Donnerstag, 6. Mai 2010

Eine Gretchenfrage?

Wenn ich nun behaupte, dass ich mich momentan mit klassischer Literatur beschäftige, weil sie mich interessiert, ist das genauso zutreffend wie die Tatsache, dass ich mit geistiger Überlegenheit anderer zwar durchaus umgehen kann, dies bei meinem Nachwuchs, der gerade zum ersten Mal genullt hat, aber noch so lange wie möglich hinaus zögern will.

Lange (Vor)Rede, kurzer Sinn: Auszugsweise las ich kürzlich Goethes Faust I und komm zu dem Schluss: H. Faust war ein ziemlicher Arsch! Harte Worte? Aber nicht unbegründet. Da kam es soweit, dass er, alternder Lüstling, das bislang brave, unbedarfte Gretchen anvisierte, ja sie rumkriegen wollte! Gretchen, blutjung und aus ärmlichen Verhältnissen stammend, wehrte zunächst jegliche Annäherungsversuche erfolgreich ab. Doch war sie angetan von dem großen, gebildeten Mann, der wusste, was er wollte. Sie.

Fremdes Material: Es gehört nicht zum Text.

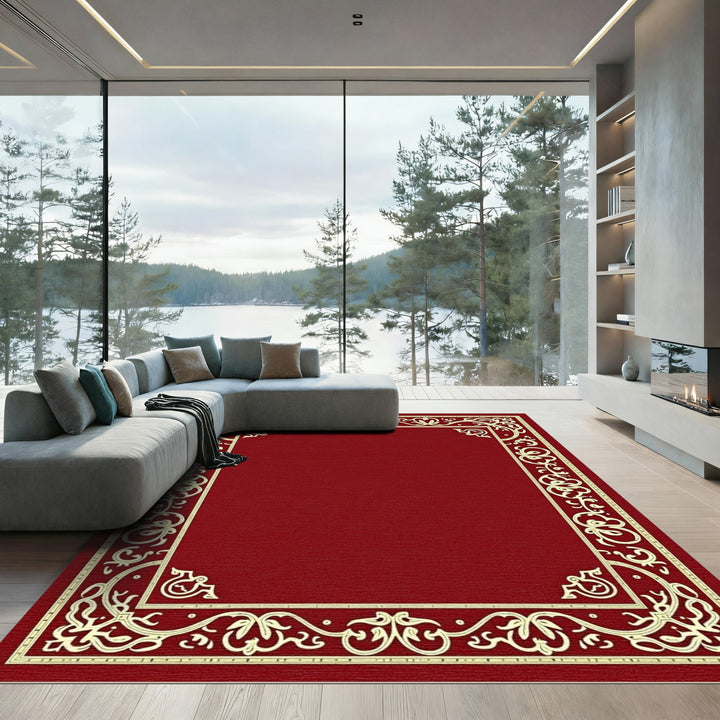 Crimson Gold Ornate Floral Border Rug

Die Versuche, ihn zurück zu weisen, wurden immer halbherziger, bis sie eines Tages ihre berühmte Gretchenfrage stellte, welche frei interpretiert soviel bedeutete wie "Wirst du zu mir stehen, mich versorgen, dich um mich kümmern, wenn ich die Frucht deiner Lenden unter meinem Herzen trage?" Unglücklicherweise aber verstand sie aufgrund ihres niedrigen Bildungsgrades und seiner trefflich irreführenden, aber nicht unwahren Worte, nicht, was er ihr absichtlich nicht unter die Nase reiben wollte, gab schließlich nach und sie das taten, was Mann und Frau eben manchmal tun.

Aber wie sollte es anders sein: Er hatte bekommen was er wollte, der Reiz des Unerreichbaren war verflogen und ebenso schnell verschwand er  wieder aus ihrem Leben und überließ sie ihrem Schicksal, welches in einer Tragödie endete.

Die Geschichte ist uralt, beruht gar auf einer wahren Begebenheit, welche Goethe einst in jungen Jahren während seiner Tätigkeit als Jurastudent im Gerichtssaal verfolgte. Doch das Thema ist noch heute aktuell. Er nutzte ihre Naivität und Unwissenheit schamlos aus, sie stürzte sich ins Verderben, eingewickelt vom Charme und Interesse seinerseits. Gibt es heute nicht mehr? - Gibt es wohl. Schon nur allein die Tatsache, anzunehmen, Willigkeit und Gefügigkeit könne einen Mann fest binden, lässt diesen Schluss zu.

...Und dabei wollte ich eigentlich nur den Osterspaziergang lesen.